• **Task material**
- - - - -

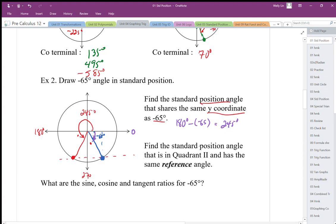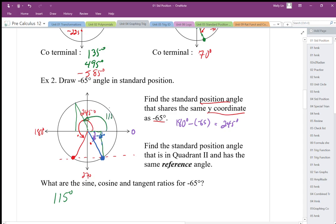The next part asks: find a standard position angle in quadrant 2 that has the same reference triangle. If it has the same reference triangle, we know it has symmetry. There's my reference triangle here, and there's my reference triangle there — they are separated by 180 degrees. So I can add 180 degrees going in this direction: negative 65 plus 180 gives 115 degrees. This angle of 115 degrees locates that same position and gives me that symmetry.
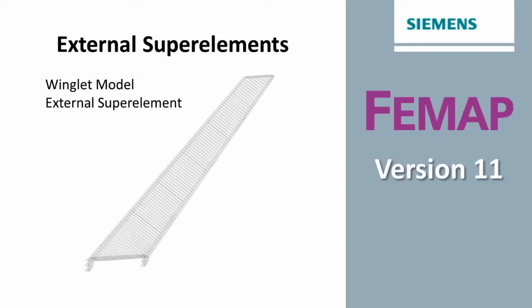Welcome to the Femap version 11 what's new video series. In this video we'll be looking at how to generate external super elements in Femap and then see how they can be used in the subsequent assembly run.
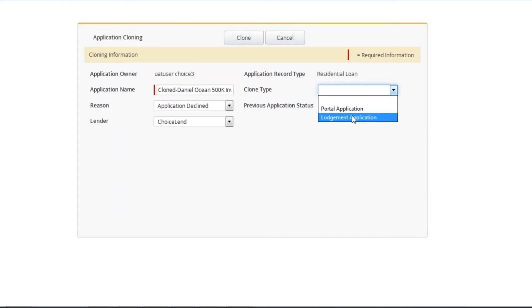Lodgement application clones 99% of details entered into Apply Online. This is suitable when you want to make changes in Apply Online to the existing application you have already submitted or have been asked by the lender to resubmit the application.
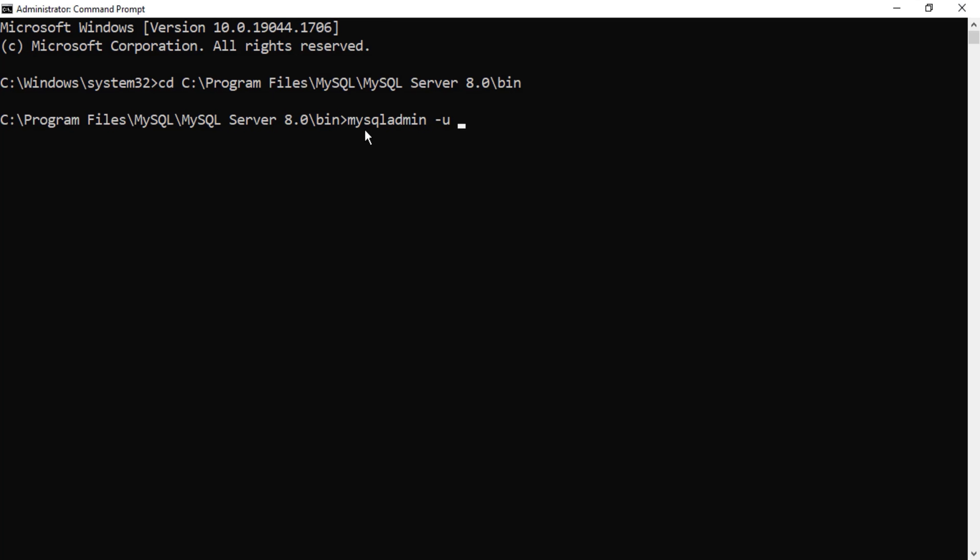Nothing but user and what is the username? Root. And then minus p password and here provide the password whatever you want. So I'm just providing password as one two three and just hit enter. Now it is asking me my old password. Let me just hit enter button and see whether it works or not.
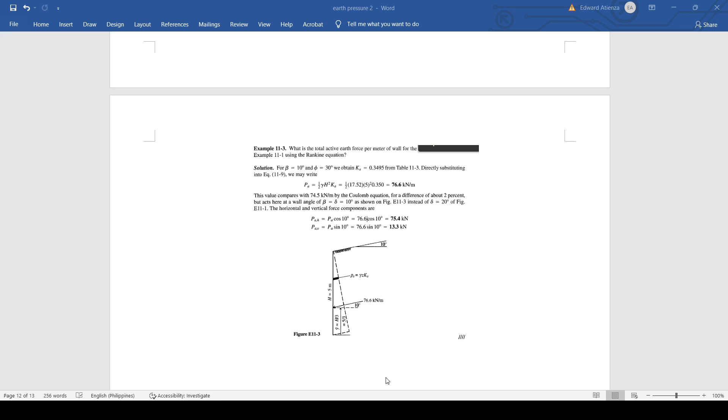Great day to everyone, this is Edward Atranza and I am a licensed civil engineer in the Philippines. This will be my second video for the discussion on earth pressure and I am also using GEO5 software to compare the manual calculation with the calculated value from GEO5 software.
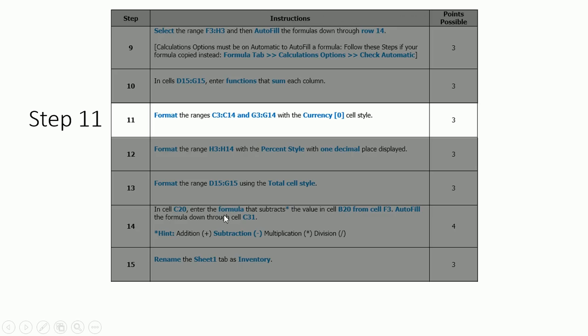Step 11. Format the ranges C3 to C14 and G3 to G14 with the Currency 0 cell style.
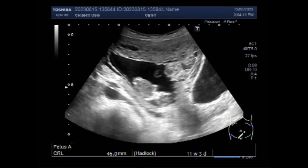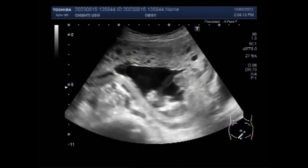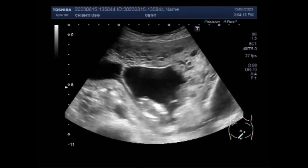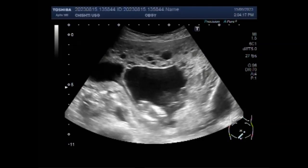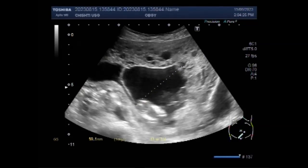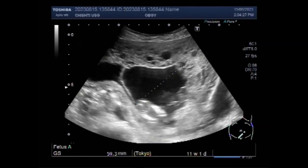You can see both the fetuses and the respective gestational sacs. Now you can see the measurement of the pregnancy — it is about 11 weeks and 6 days. However, there is no blood flow and fetal cardiac activity is also missing.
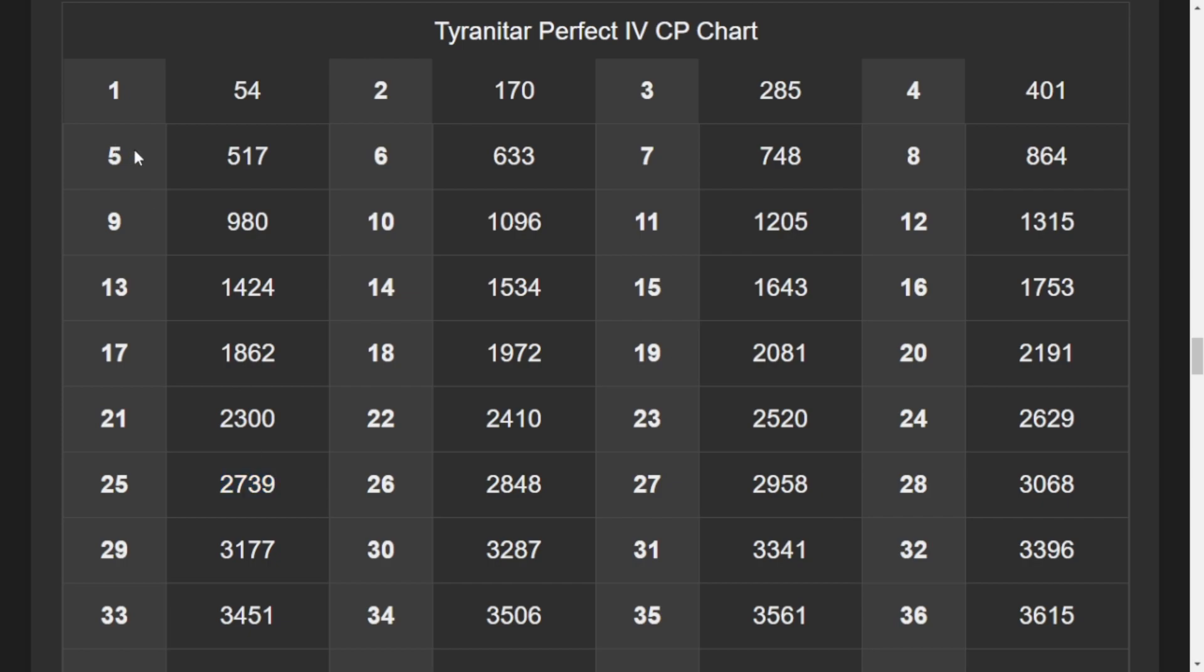So all in all, Mega Tyranitar is a monster, is a beast. So I would recommend doing as many raids as you can. So guys, that's it for today's video. I'll see you all in the next video or in the next live stream. Goodbye everyone, take care of yourself, stay motivated, stay hydrated. Peace.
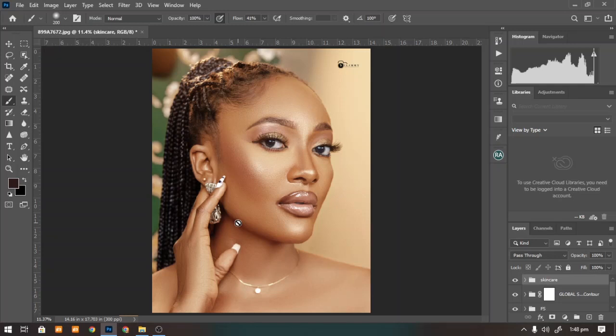In today's video we'll be enriching, enhancing, and color grading this beautiful model using the gradient map. This method is universal — it can be applied to different kinds of skin tones. Without further ado, let's get started.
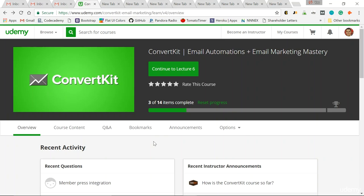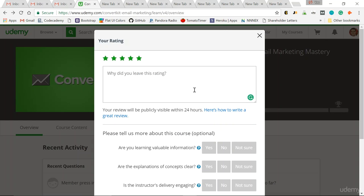So once you have a great understanding of the topic of this course, have all your questions answered, then and only then we'd love for you to rate our course. Just go here, click five stars and let us know what you love about the course.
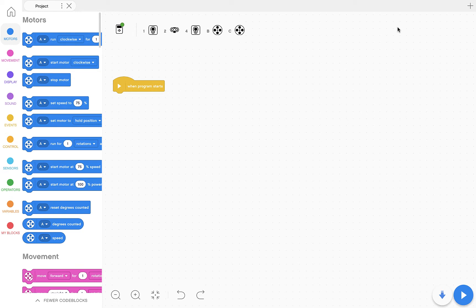Hello everyone and welcome to the SimpleBot. Step two, how to check your motors for the EV3 classroom app.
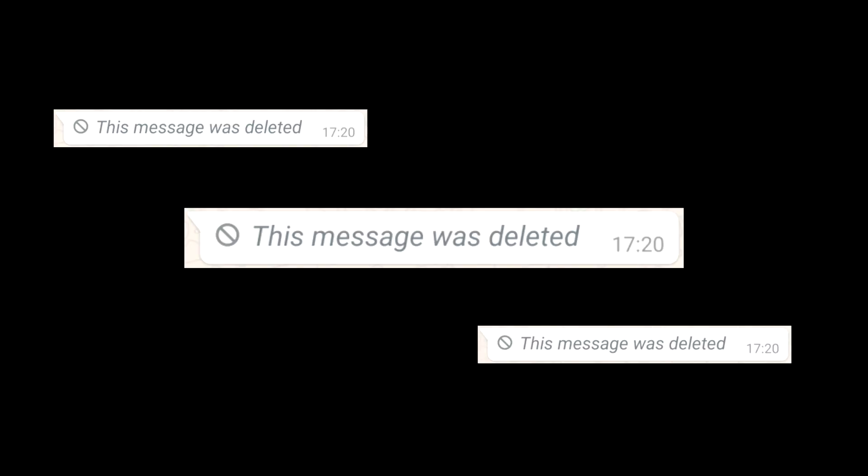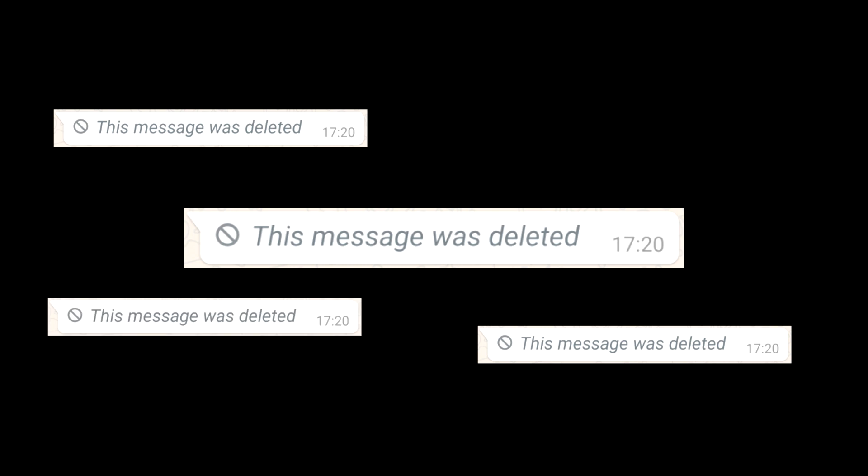What is the most frustrating thing that you encounter while texting, be it either WhatsApp or Instagram? Nowadays, almost all of the apps give us the functionality to delete our messages. It's cool when we do it, but when the opposite person does it, it gets really annoying to be honest.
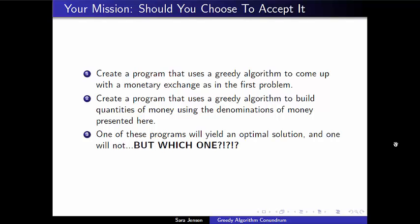The most important part: one of these programs will give you an optimal solution. For example, the first would create a diagram with as few money exchanges as possible, and the second would use the fewest number of coins. But one of these greedy algorithms does not actually give the optimal solution. Think about which one it is, create examples, and test your programs to figure out which greedy algorithm is also an optimal algorithm — and which is just greedy but not truly optimal.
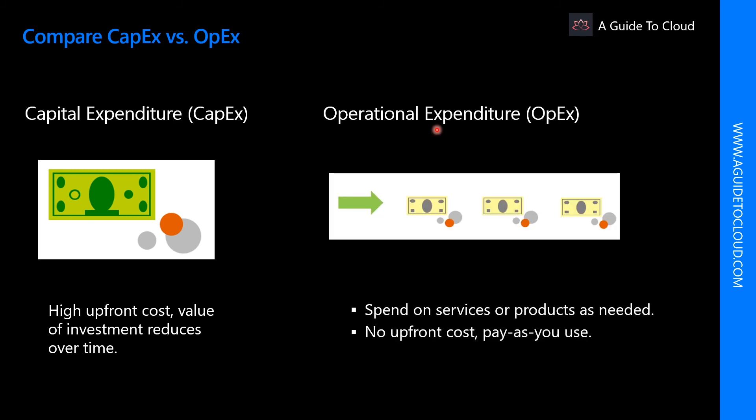Whereas in OPEX, this is spending money on services or products now and being billed for them now. You can deduct this expense from your tax bill in the same year. There is no upfront cost. You pay for services or products as you use them.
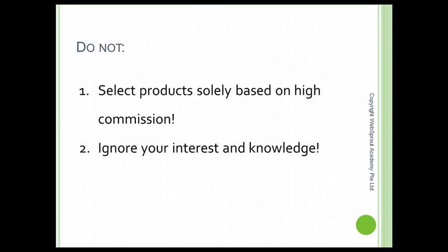A lot of new people starting their ClickBank business just go after the highest commission product, for example forex trading and investment products. But I strongly recommend that you follow your interest and your knowledge when selecting a niche or a product. For example, if you are an expert in software or computers, look for something related to what you do. If you know about healthy diets or healthy recipes, follow that direction.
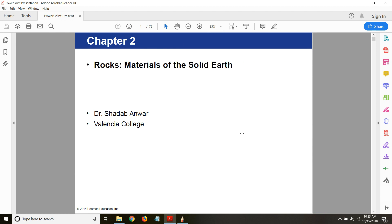All right, welcome back to the class. Today we will start Chapter 2: Rocks, Materials of the Solid Earth. First, let's understand why do we need to study rocks. Rocks are everywhere on our planet. As we go outside, we see rocks everywhere. It is one of the most common items which is present.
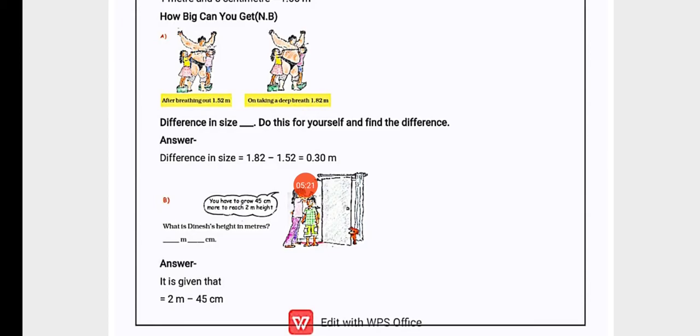Difference in size: do this for yourself and find the difference. This is the man's size difference. When he is breathing in, then 1.82, and when he is breathing out, then 1.52. We need to find the difference. Simply we will subtract: 1.82 minus 1.52 equals 0.30 meters.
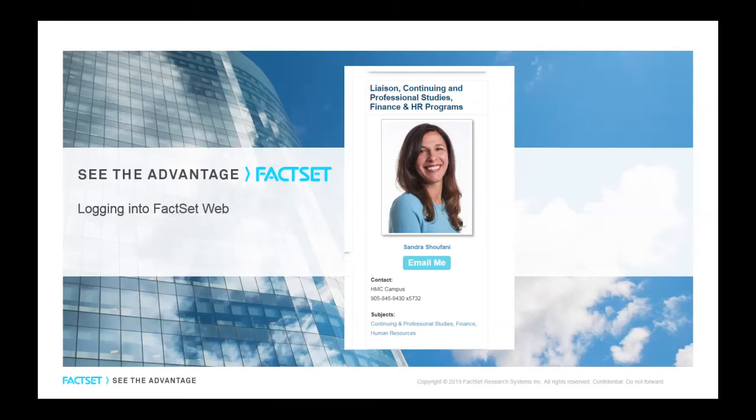Welcome to this short tutorial on logging in to FactSetWeb. My name is Sandra Schifani, and I work at the Sheridan Library. I'm the Library Liaison for the Finance Program. Let's get started.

- - - - -

• **Work instructions**
Only the lines above from the one containing "The most important" through the one containing "Whereas in OPEX, this" should be returned, verbatim and inclusive, with pictures excluded.

• **Problem solution**
The most important part: one of these programs will give you an optimal solution. For example, the first would create a diagram with as few money exchanges as possible, and the second would use the fewest number of coins. But one of these greedy algorithms does not actually give the optimal solution. Think about which one it is, create examples, and test your programs to figure out which greedy algorithm is also an optimal algorithm — and which is just greedy but not truly optimal.
Whereas in OPEX, this is spending money on services or products now and being billed for them now. You can deduct this expense from your tax bill in the same year. There is no upfront cost. You pay for services or products as you use them.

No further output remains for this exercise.